For the first six months of 2010 our average account gained approximately +4.33%.

The times are always uncertain, but the present moment feels as though we are setting an uncertainty record.  Across the Western world governments are exhausted.  Their tax revenues have dropped precipitously as profits erode and salaries disappear, and public work initiatives run their course and taxpayers revolt against paying for more.  As their debt ratios climb inexorably finance ministers say their work is done, whether it has achieved its desired effect or not.  Unemployment rages on, and no one seems to be doing anything about it.

In America, the Obama government is not helping matters.  The President alternates between language sharply critical of business one day, to outright vitriol the next.  The people who create jobs grow frightened when they are vilified, and so a President venting about a part of the population he’s never liked does none of us any good.  Longing for more jobs and despising the people who create them is a logical absurdity and a common position in the Democratic party.  Republicans offer the policy of “no”, but after that, what?  So far, a doleful silence.

Shunning uncertainty, investors have turned to bonds, one specie of which strikes us as near lunatic with hazard.  We mean the municipal bond market, where yields are miniscule and risks are breathtaking.  Will a major municipal issuer fail?  Given the current parlous state of states from California to New York and many points in between, it would almost seem more likely than not that at least one will go.  In the instant moment after such a calamity, good luck selling even the best paper back into that market.  When the  market comes to understand that the bondholders are the last to be paid, behind the police, behind the firemen, last in line behind every other stakeholder, the fall out throughout the muni market is likely to be severe.  A Federal bailout of a state is unthinkable because 49 others will be at Treasury within an instant.  Doing nothing is also unthinkable.  What a conundrum, and how happy we are to be a great distance away.

Nonetheless, we own a lot of stocks, and for the best possible reasons:  They are cheap and in the long run, uncertainty is our friend.  We say this because we know that “certainty” is almost always an illusion.  You pay a very high price for it in the investment world and then you hardly ever get what you paid for.  There is never anyone to go to subsequent to disappointment and say, “Here is my receipt, I paid for certainty.  My certain outcome did not come to pass.  I want my money back.”  Life simply doesn’t work that way.

Uncertainty has made stocks cheap, and that is the best thing you can ever say about an investment.  Indeed, the pessimism bubble has grown so large that last week the New York Times took to disparaging the cash on hand at a number of technology companies, saying maybe their cash should be discounted from their valuation, or even ignored entirely.  Here’s a question for the Timesman, “If you don’t like cash, and the rapid accumulation of more of it, what is it you do like about business?”  What an about-face in ten years time.  A decade ago many and many a technology firm had multibillion dollar market valuations and not a penny to their names.  That ended very badly.  This moment sees companies like EMC and Qualcomm and Google with cash hoards that are a quarter to a third of their stock prices, and growing rapidly.  We will take that any day.

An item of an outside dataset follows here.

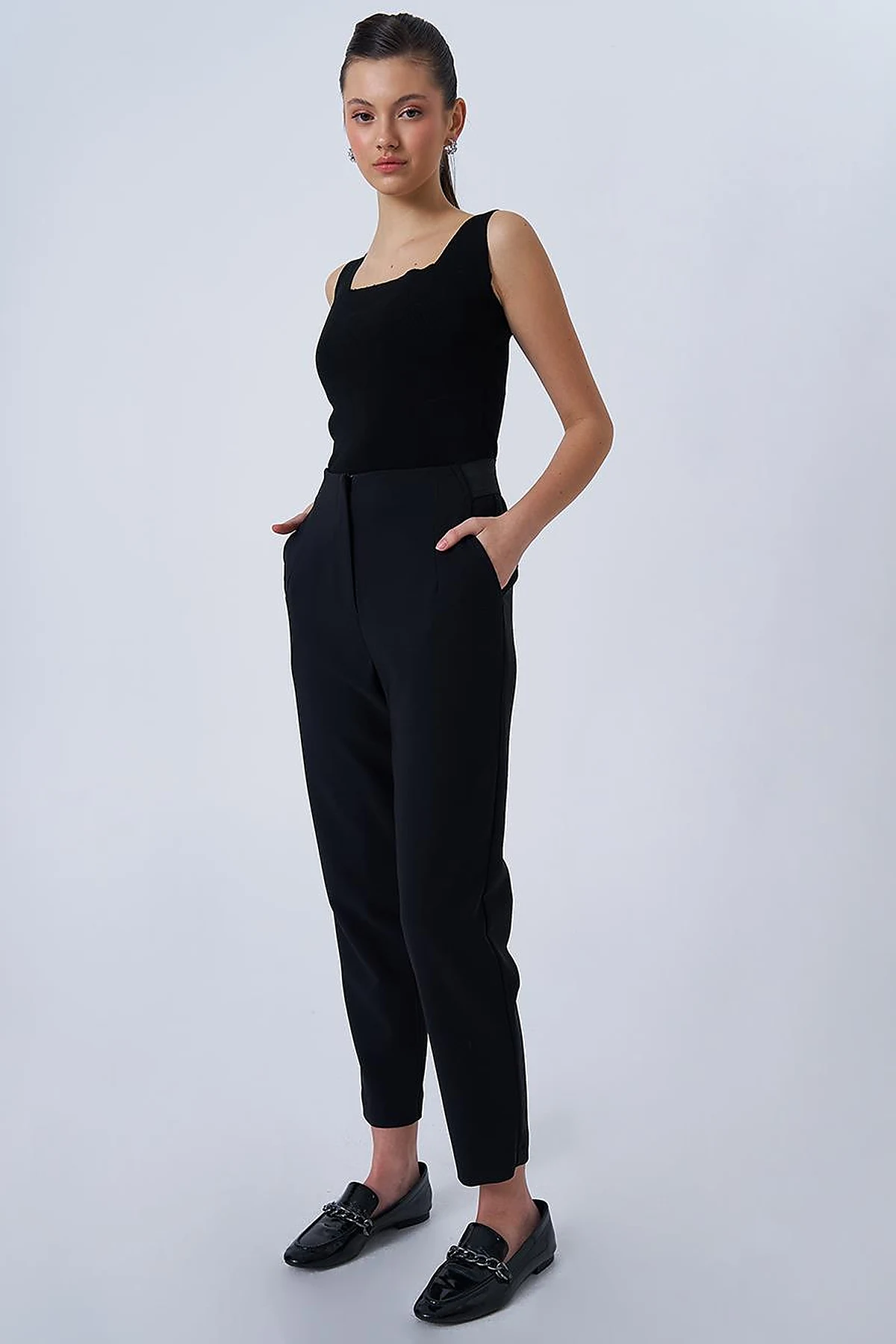 Pleated High-Waist Pants in Black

Indeed we lust after it.

Our style is to own only companies that have great cash generating abilities. That style works through all cycles and most uncertainties.  There are a few things in life more  fun than gazing through a Value Line survey, coming across the Tupperware page and noting that you can stare forever and never see a trace of a recession in its results.  We might note that when we first bought it a few years ago it was a stretch for a Levy, Harkins investment, as it had significantly more debt than equity.  But such has been the cash flow capacity at Tupperware that the company is set to end this year with twice as much equity as debt.  Can increased dividends be far behind?

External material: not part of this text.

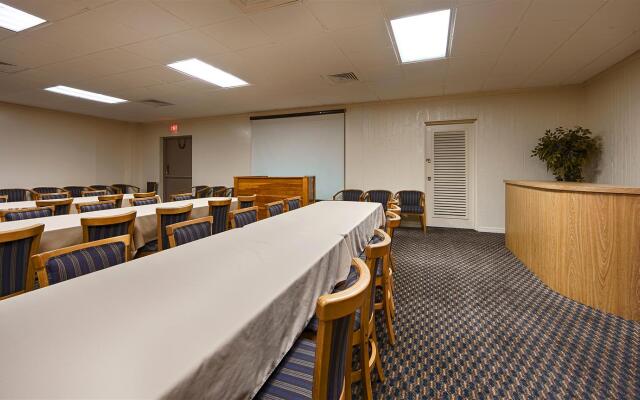 Best Western Crossroads Inn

It is amazing that this style of value investing can work year after year, greatly outperforming the standard stock averages and yet be so infrequently emulated.  Well, perhaps not so amazing in a world where the leading financial commentator regularly leans into a camera lens, spittle flying and veins popping, odd noises bellowing, and screams investment ideas fifty to the minute.  How people can think that style is the road to riches is beyond us, but the public has been taught that’s what investing looks like. 

For our part, we’ll stick to our knitting of finding great businesses at good prices, with moats around them and cash pouring out of them.  It beats all the forecasting and prognosticating there ever was.